Wolf Moon
- First edition
- Author: Charles de Lint
- Cover artist: Dean Morrisey
- Language: English
- Genre: Fantasy fiction
- Publisher: Signet Books
- Publication date: 1988
- Publication place: United States
- Pages: 252
- ISBN: 0-451-15487-8
- OCLC: 54097480

= Wolf Moon (novel) =

1988 novel by Charles de Lint

Wolf Moon is a 1988 fantasy novel by Charles de Lint.

==Plot summary==
Kern, a werewolf, is hunted by a harper who uses magic; escaping, but injured, he finds himself at an inn called the Yellow Tinker. Long ago, he had once tried to find acceptance as a man and a werewolf, and was nearly killed for revealing what he truly is.
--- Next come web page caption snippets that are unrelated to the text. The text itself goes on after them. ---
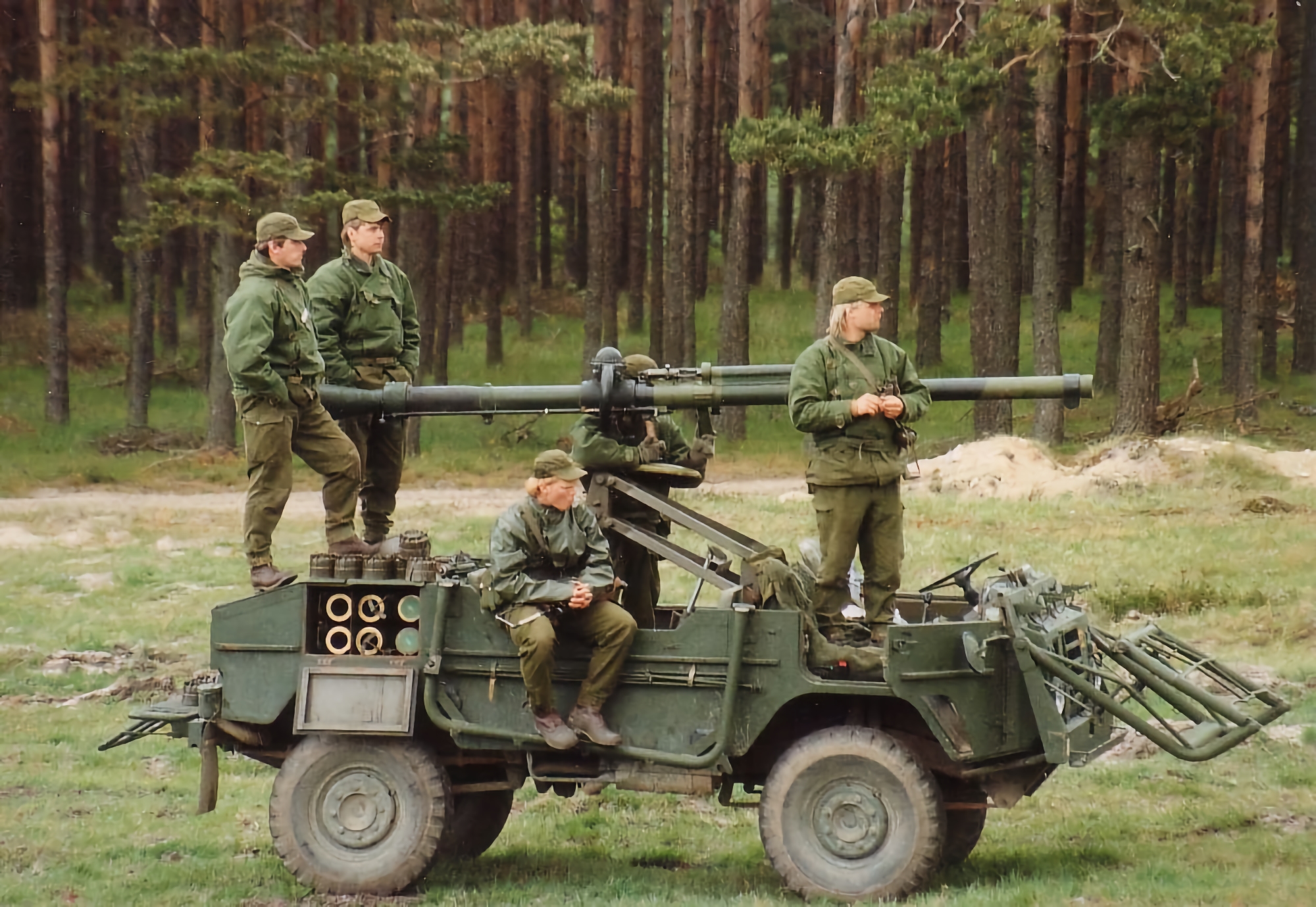 Las Fuerzas Armadas de Ucrania comenzaron a utilizar los cañones antitanque suecos Pansarvärnspjäs 1110, que pueden alcanzar objetivos a una distancia de hasta 1 km Las Fuerzas Armadas de Ucrania comenzaron a utilizar los cañones antitanque suecos Pansarvärnspjäs 1110, que pueden alcanzar objetivos a una distancia de hasta 1 km
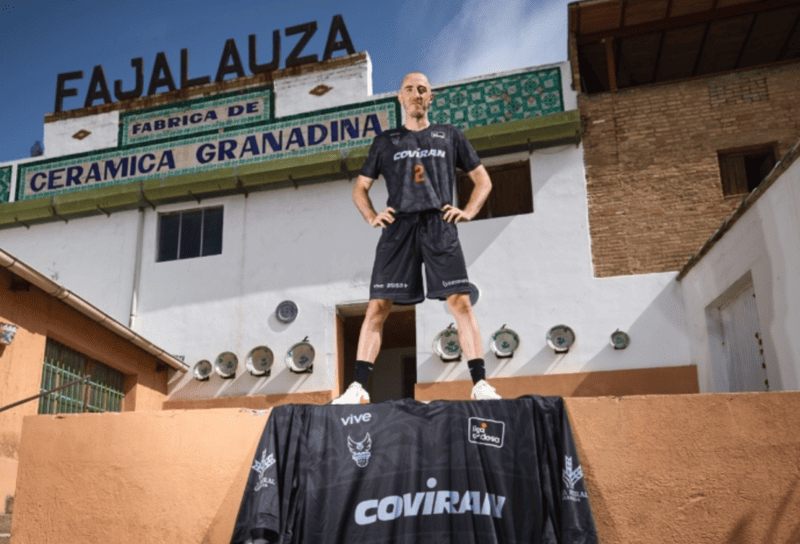Cerámica Fajalauza y la Alhambra inspiran la nueva equipación del Coviran Granada Cerámica Fajalauza y la Alhambra inspiran la nueva equipación del Coviran Granada - Fundación CB Granada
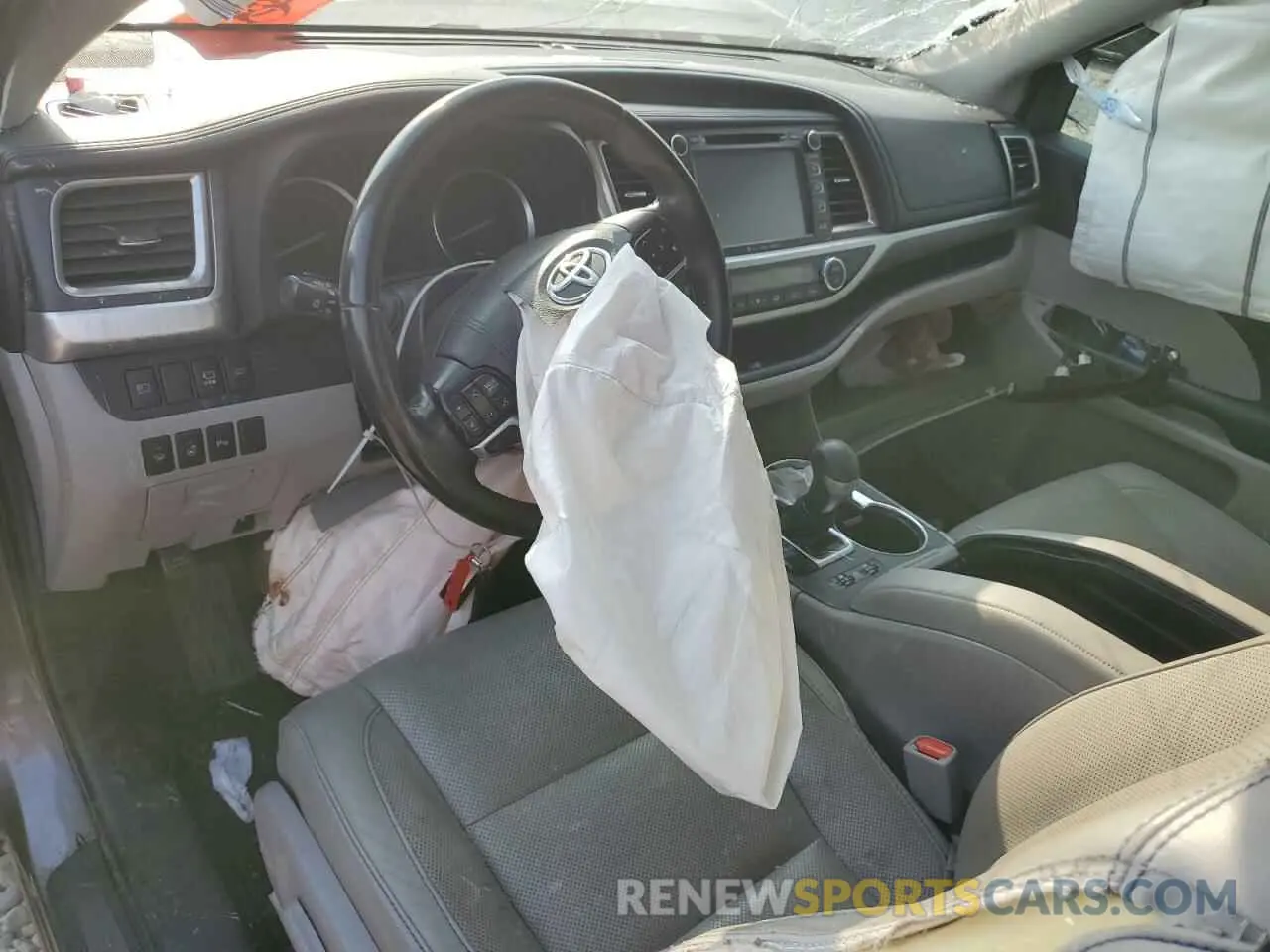 8 Photograph of a damaged car 5TDDGRFH6KS059214 TOYOTA HIGHLANDER 2019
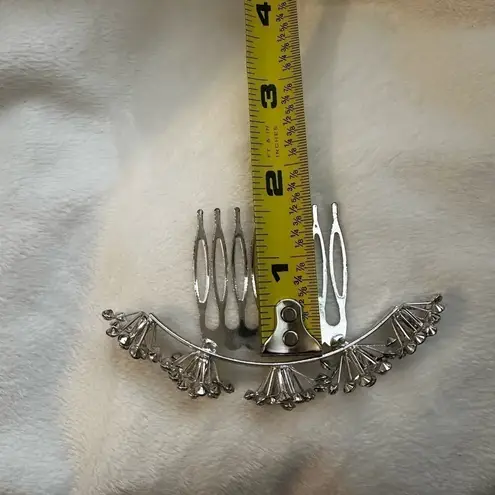 Rhinestone Hair Comb Event Accessory Silver
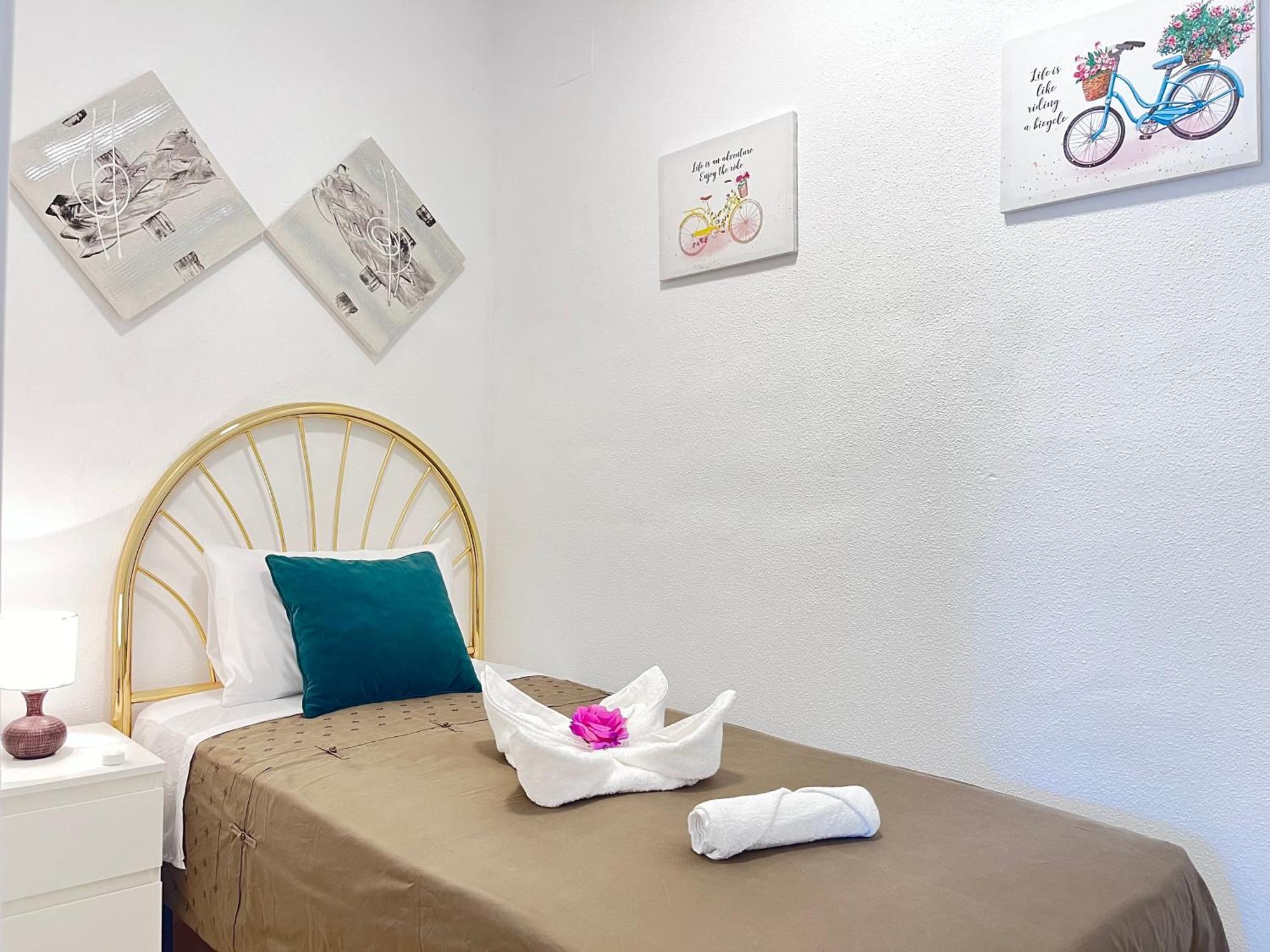 ☆The Peaceful Valencia Homestay☆ W/ Terrace⌘Parking⌘Bbq מראה חיצוני תמונה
Kern comes to love the woman who is the innkeeper, and decides to stay, and never reveal his animal nature. However, the harper finds him and threatens everything Kern now holds dear. The wolf moon is the first moon of winter, when the climax of the story takes place.

==Characters==
- Kern - the main character. A werewolf by birth, he was scorned by his parents and a loved one once they found out what he was. He is forced to run from village to village and into the wilderness, but seeks refuge at the Yellow Tinker.
- Tuiloch - a wicked harper who hunts werewolves and is tracking Kern. Tuiloch can use music to make people do his bidding, if they are not strong-willed enough to fend him off.
- The feragh - A large silver-furred musteline creature summoned into existence by Tuiloch's harping. Most feared by Kern.
- Ainsy - Kern's love interest. Co-owner and caretaker of the Yellow Tinker, an inn, where the novel takes place.
- Fion - A worker at the Yellow Tinker and friend to Ainsy.
- Tolly - The stable boy at the Yellow Tinker, who is killed by the feragh.
- Wat - The simple-minded animal caretaker
- Tomtim - Ainsy's uncle. Co-owner of the Yellow Tinker. Kern saves him from thieves who robbed and tortured him.